Serving Clovis, Portales and the Surrounding Communities
As goes New Mexico, so goes the nation.
You might even say we’re leading the way, on a number of fronts.
We’re what the rest of the country is slowly becoming — multicultural to the point at which white folks are no longer running everything. Maybe that makes us a bit of a cultural leader, and perhaps it was reflected in this year’s election.
Here in the Land of Enchantment, 68.48% of registered voters statewide actually voted. That may be unimpressive in some fresh young democracy where people don’t take their right to vote for granted, but for us, it’s a helluva turnout.
The same is true nationally, where more than 150 million people, or about two-thirds of all registered voters, cast ballots. It was a record-breaking turnout.

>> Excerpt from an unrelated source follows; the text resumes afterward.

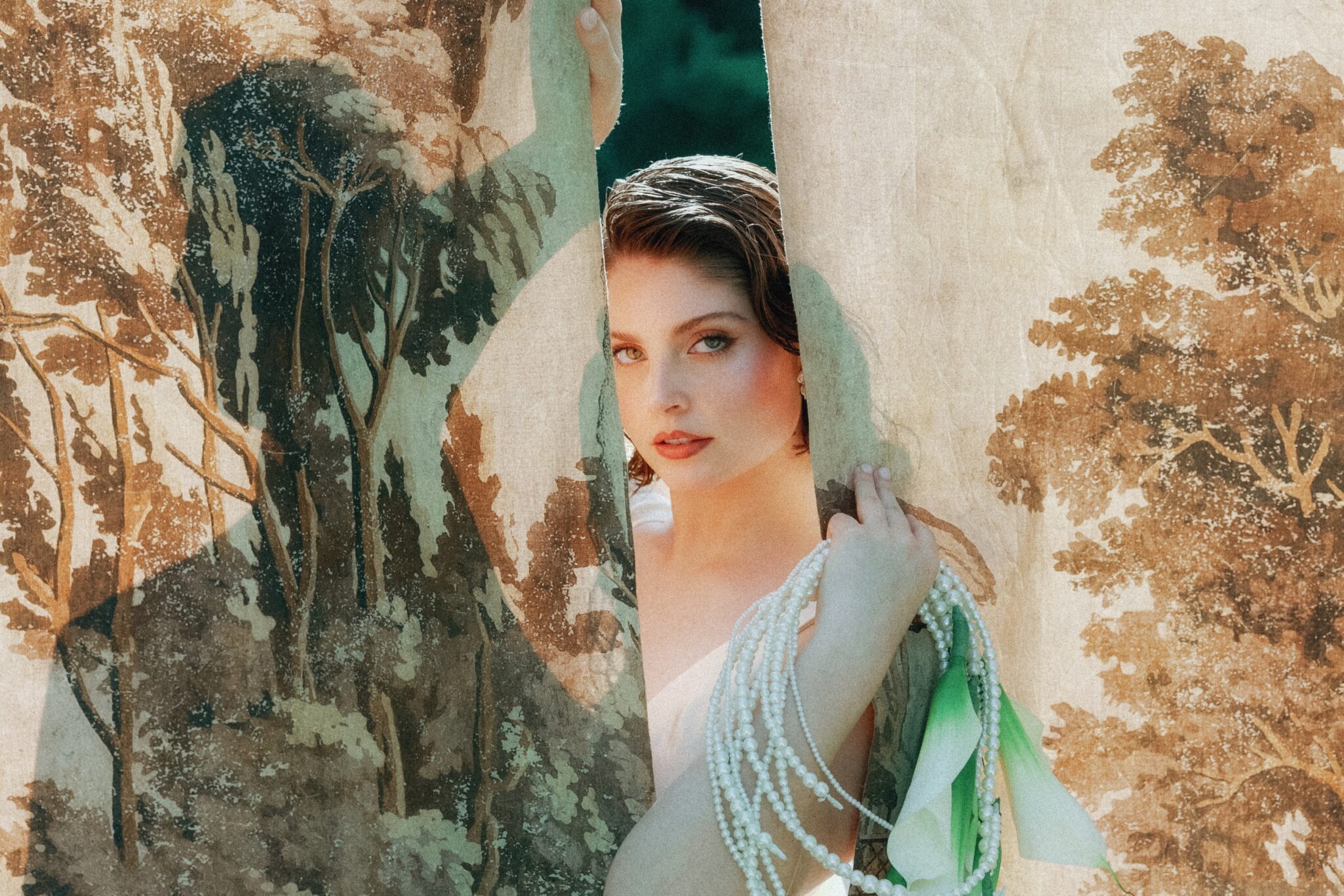 A woman with short brown hair peers through a slit in a vintage, tapestry-like curtain at a Caya Azul Asheville wedding, holding strands of pearls and a green cloth. The curtain’s nature scenes blend with her partially visible face.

Here in New Mexico, we went decisively for Joe Biden and Kamala Harris with 54% of the vote. Nationally, with only a relative few ballots still to be counted, it looks as if Biden-Harris won with 51% — which doesn’t look as impressive as the popular vote does. In that, the Biden-Harris ticket received 5.5 million more votes than Donald Trump and Mike Pence got. Compare that to Hillary Clinton’s 2 million more votes than Trump in 2016, and you’ve got a decisive Biden victory — in popularity and in electoral votes.
Meanwhile, down ballot in New Mexico, voters surprised no one by handing victories to U.S. Rep. Deb Haaland, who got a comfortable 58% in Congressional District 1, and Teresa Leger Fernandez, who got 59% of the CD3.
The surprise, if you can call it that, was in Republican Yvette Harrell’s unseating Xochitl Torres Small down south, with an impressive 54% of the vote. The GOP worked hard and took back CD2, as if they never really let go of it.
Now, instead of New Mexicans sending an all-Democrat delegation to Washington D.C., we’re sending four Democrats and one Republican to the House and Senate. That’s what happened nationally as well — Republicans won more seats, but not enough to capture a House majority, while the Senate will probably stay in their hands for at least another two years.
In the U.S. Senate race, the status quo won more than lost. Nobody expected Ben Ray Lujan to lose — and, sure enough, he won with 52% of the vote — though Mark Ronchetti did better than a lot of people expected. So with Democrat Tom Udall’s retirement comes no real change, at least in term of party loyalties. In seniority and capability, however, Lujan’s no Udall.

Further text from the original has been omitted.